In den beiden tonlosen filmischen „Skizzen“ sind die handelnden Personen ausschließlich durch das Zeigen einer endlos fortsetzbaren Sammlung auf der einen Seite bzw. von Spuren der sorglosen Beschäftigung auf der anderen präsent. In You Can Never Be Complete (2015) ist eine Abfolge von Aufnahmen eines gleichbleibenden Ausschnitts eines Bücherregals zu sehen, in dem jeweils ein anderes Buch, das mit der westlichen Kultur- und Geistesgeschichte eng verbunden ist, präsentiert wird – von und über Persönlichkeiten wie Palladio, Arendt/Benjamin, Warburg, Giotto, Judd, Bataille, Rilke, Didi-Huberman, Daedalus, Le Corbusier, Melville usw.

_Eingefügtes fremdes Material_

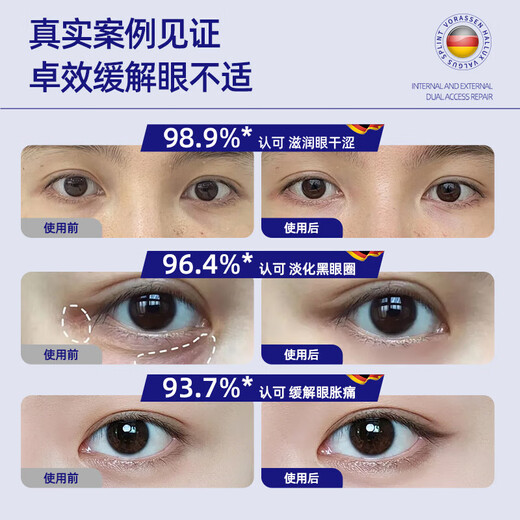 沃朗森医用蒸汽眼罩热敷护眼贴缓解眼疲劳改善视力模糊眼干眼涩睡眠专用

Es handelt sich um Bücher aus der Sammlung des belgischen Verlegers und Kunsthistorikers Yves Gevaert, mit dem die Künstlerin seit 2014 zahlreiche Gespräche über das Sammeln und assoziative Verknüpfungen von Kunst, Literatur, Musik und Philosophie geführt hat.

 

Die Szenen in The Untroubled Mind filmte de Boer mit einer Bolex, einer 16 mm-Amateurkamera, die erst manuell aufgespult werden muss, um dann Sequenzen von rund 20 Sekunden filmen zu können. Bezugnehmend auf Agnes Martins titelgebende Abhandlung zeigt der Film ganz unaufgeregt die vielen Momente des sorglosen Entdeckens und aktiven, kreativen Gestaltens der Welt eines Kindes. Immer wenn die Künstlerin überraschend auf solche Manifestationen oder Gesten eines beneidenswert freien mentalen Zustandes ihres Sohns stieß, griff sie zur Bolex und dokumentierte seinen spielerisch leichten und unorthodoxen Umgang mit Material und Raum wie beispielsweise mal mehr, mal weniger stabil erscheinende Verbindungen, wo Schnüre von Sesseln zum Tisch oder Fenster gespannt sind, ein Tuch darauf hängend; Türme aus Holzklötzen; mit Mikadostäbchen quer drübergelegt, bilden diese Brücken; Stapeln von Münzen ans Sesselbein gelehnt; mit zweckentfremdeten Metallteilen durch die Wohnung gezogene Wege usw. The Untroubled Mind zeigt einen wunderbar frischen und erfrischenden Blick auf die Welt und das Potential, das – wenn man ihn zulässt – in einem Moment der Passivität, der Langeweile, der Muße steckt.

 

Parallel zur Ausstellung konzipierte und entwickelte Manon de Boer ihr Künstlerbuch Trails and Traces. Neben Stills von den in der Ausstellung gezeigten Filmen sind u.a. Auszüge aus den Gesprächen über Marion Milner und ihre Theorien sowie weitere, von der Künstlerin ausgewählte relevante Texte zu diesem Themenkomplex versammelt.

 




Künstler*innen
Manon de Boer

geboren 1966 in Kodaikanal (Indien), lebt und arbeitet in Brüssel.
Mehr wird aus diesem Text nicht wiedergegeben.